# M20 Transmission Harmonics



## AllRise70 (Jan 17, 2011)

Recently, my transmission started making a significant whining noise when it was started cold, only in neutral. Now, it dissapates after the engine is warm, but then it will come back at lower speeds through the gears. Im wondering, could this be a throw out bearing or pilot bearing? Oh, the engine and tranny have about 300 miles since restoration.
Muncie 20 4pd


----------



## VettenGoat (Jun 19, 2007)

Hate to say the obvious, but I just had the same thing happening with a fresh transmission reinstalled after we pulled the motor. Had cap on the output shaft so didn't think I lost much if any oil. I DID. Lot of whining in 3rd gear. Topped it off and the gear noises soon subsided completely.
Its worth checking if for no other reason that to eliminate it as a possible cause. Sometimes its the simplest things. 

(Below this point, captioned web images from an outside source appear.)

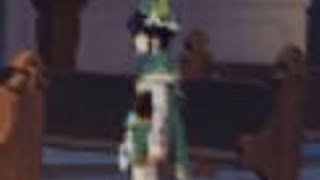 (3.1) Venti Banner Gacha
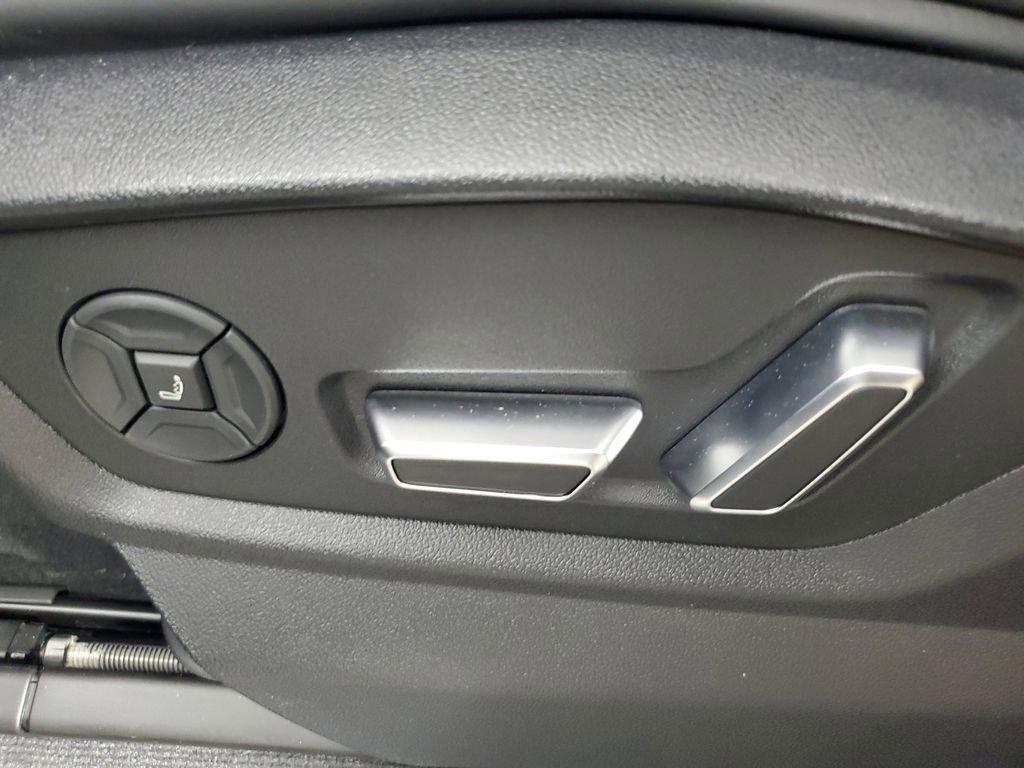 New 2026 Audi Q8 Prestige AWD/4WD image 20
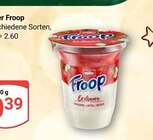 GLOBUS Zeitz Prospekt mit  im Angebot für 0,39 €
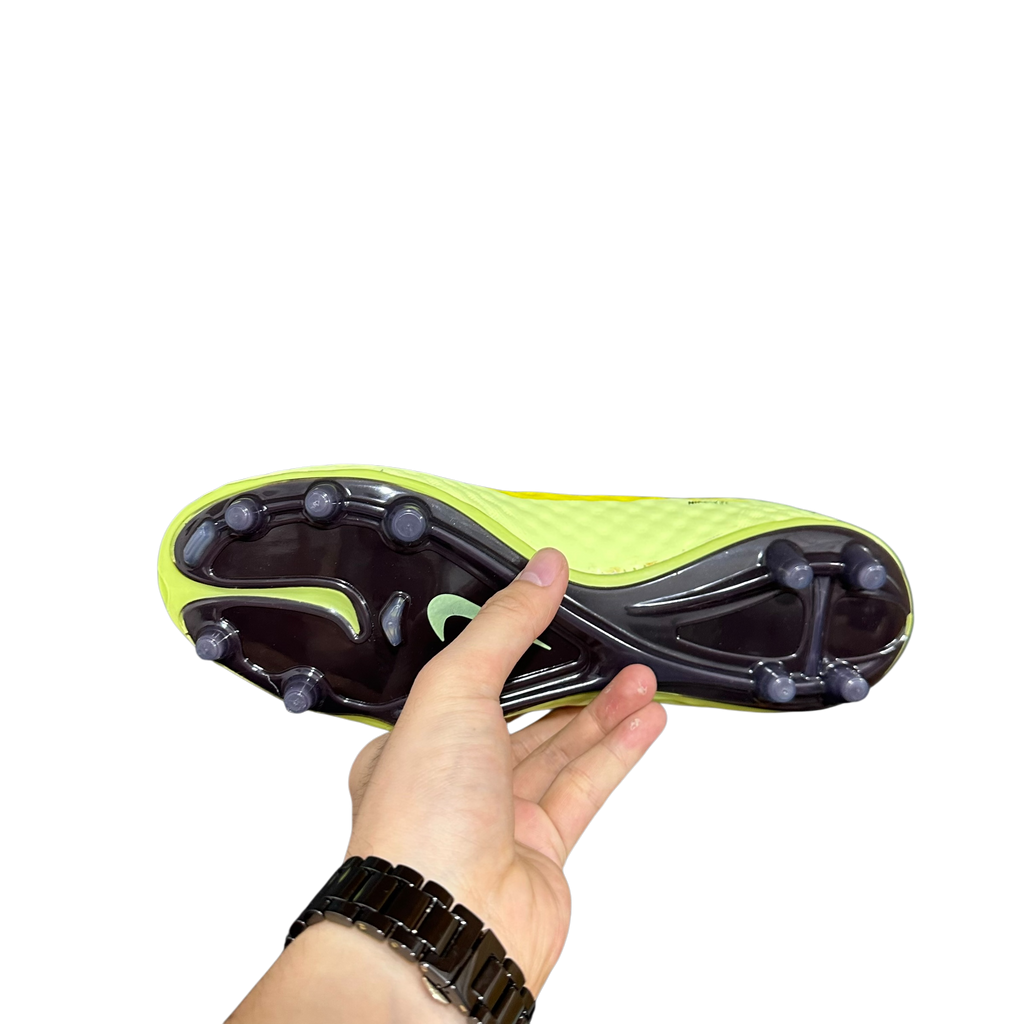 HYPERVENOM 05
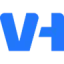 vexohost.com favicon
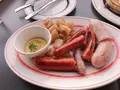 Eggs 'n Things お台場店の写真_577374
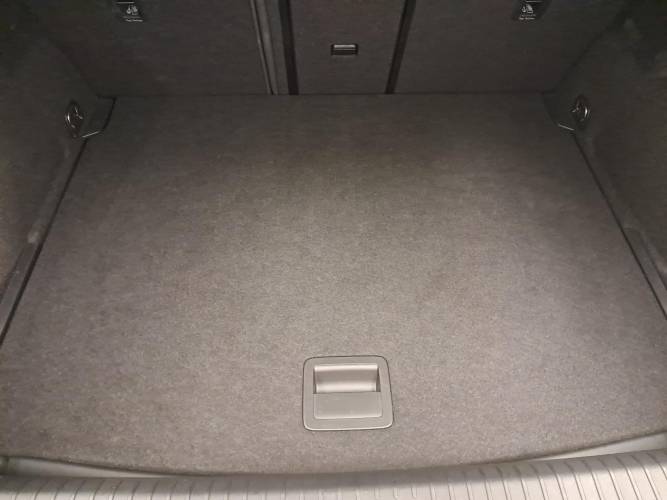 Formentor 2.0 TDI 150 ch DSG7 4Drive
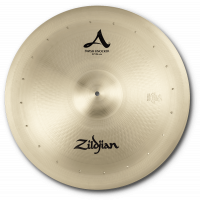 Zildjian A 22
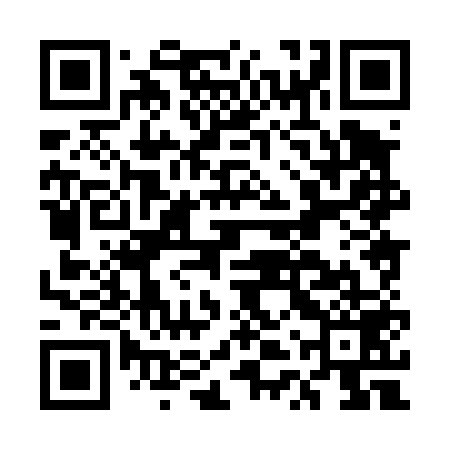 QR code for ETX459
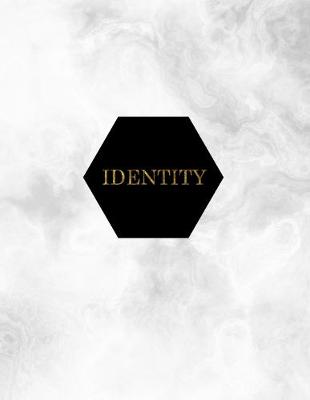 Cover of Identity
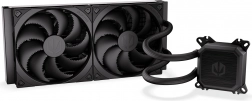 Endorfy Navis F280 CPU liquid cooling 280 mm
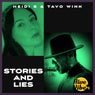 Stories and Lies (Pandaboy Deep Mix)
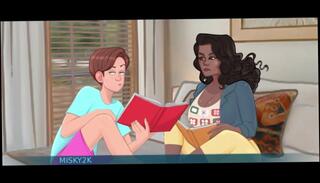 Video 1612360403: hentai anime sex cartoon, hentai cartoon anime big, teen sissy femboy, sissy femboy amateur, milf sissy, cartoon sex big dick, milf sex teacher, milf teen babe, femboy nude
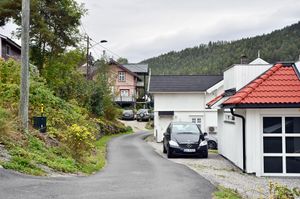 Skien, Granheimlia-1.jpg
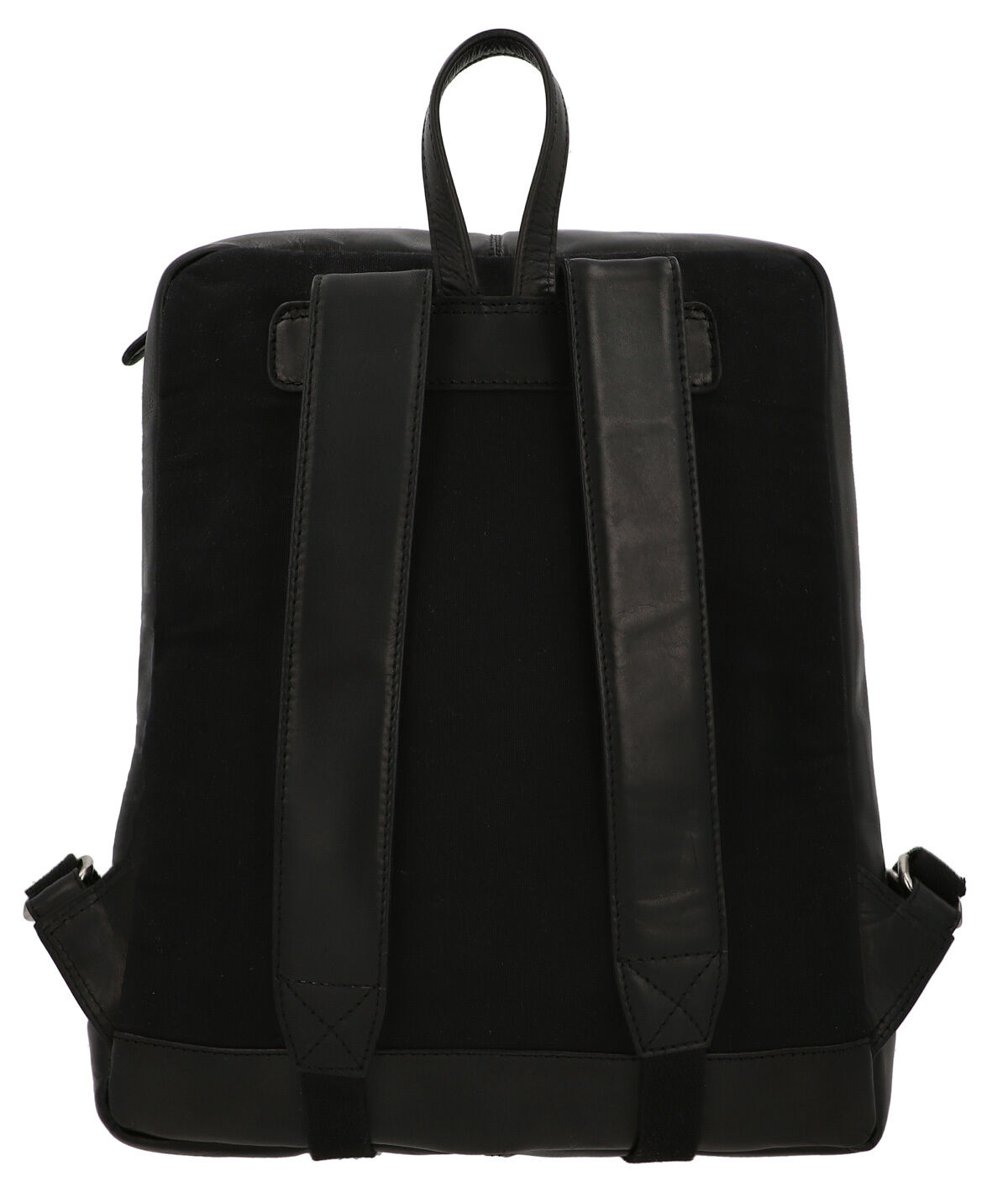 Outlet Rucksack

Having admitted that omission however I will say that to protect my annonimity I'm wearing a paper bag over my head as I type this!


----------



## 66tempestGT (Nov 28, 2009)

:agree best place to start.


----------



## Too Many Projects (Nov 15, 2008)

Leaving the trans dry for install and forgetting to fill once in, has been the ruin of many a manual... 
Or as stated, loosing some and thinking it wasn't much. The trans only holds like 3 PINTS, so it doesn't take much lose to run them low.


----------